I passed a sign drawing my attention to a ramp from the canal onto the towpath, and the sign explained it was one of two such ramps provided to help horses that had fallen in to the canal – apparently this sometimes happened when horses (which in those days were towing the barges – hence towpath – were frightened by the noise of nearby trains. There are several rail bridges over the canal at this point.
On its way through Regents Park, the canal goes through London Zoo, right past the famous aviary.
There are the usual London contrasts between beauty and and dereliction (though not much left of the latter, sadly); new and old; poverty and wealth (I didn’t photograph the beds and shelters made of cardboard, some with people sleeping – it felt intrusive and wrong. But they were there).
Along the way I saw a floating Chinese restaurant. A cow on a balcony. A shop that used to be a ladies hairdresser. Some interesting buildings. Art work and graffiti (or maybe I shouldn’t make the distinction). Parties and punting. A shark (don’t panic, just a lost balloon floating away; but it amused me).

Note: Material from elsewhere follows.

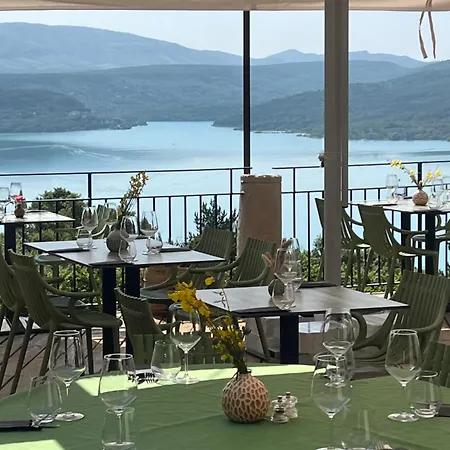 Le 10 18 Restaurant Hotel *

I also came across a tribute to Robert Browning. With an explanation.
If you’re doing this particular walk, one end of the canal walk is the new Central St Martins Art School building, part of the much bigger Kings Cross ‘regeneration’ scheme. Though the cynic in my resents that this kind of ‘regeneration’ seems to be about bringing in more rich people and excluding the traditional (poorer) residents of the area. I can’t help noticing that most of the people sitting around as I walk through on a Tuesday afternoon look well-heeled, wealthy, white, and child-less.
On the other hand, when I return on Wednesday afternoon at a later time and sit with a friend and a cup of tea in the delightful square (Granary Square) in front of Central St Martins, the place has a much more diverse mix of people, including quite a number of young children dressed for water play, splashing around in the lovely playful fountains.
We go to look at the Kings Cross Swimming Pond, which I am puzzled by – who is it for? why is it there? I know that it is temporary, until the whole area has yet another glass fronted block built on it. I later learn it is described as ‘an art installation’. I wonder who will use it?
Next door is the latest home of the Kings Cross Skip Garden, which again I wonder about – it feels like a ‘pretend’ garden, playing at growing food in an area where there is no permanent home for food growing. There was a group of young people there who certainly looked like they were learning and having fun, which is great, but I won’t be convinced until I hear that there is a permanent space for food growing in this and other major redevelopments where these young people and others will be able to practice what they’ve learnt – as well as public planting that includes fruit trees, herb gardens where people are invited to help themselves, allotments.
All these temporary ‘installation’ type things seem to me a way of avoiding addressing the issue that there simply aren’t enough food growing spaces in London (and many of our cities, including my home city of Bath). Of course the contrary view is possible – maybe they draw attention to the lack of anything permanent?
As I know from my visits to Germany, it could all be so different. But that’s another story, and doesn’t alter the fact that this was a delightful walk, and one I shan’t hesitate to repeat.
Practical note: the walk was about 4 miles in all, and took me just under an hour and a half. Though second time around when I had plenty of time to spare I took longer, to enjoy and ponder and explore a little more.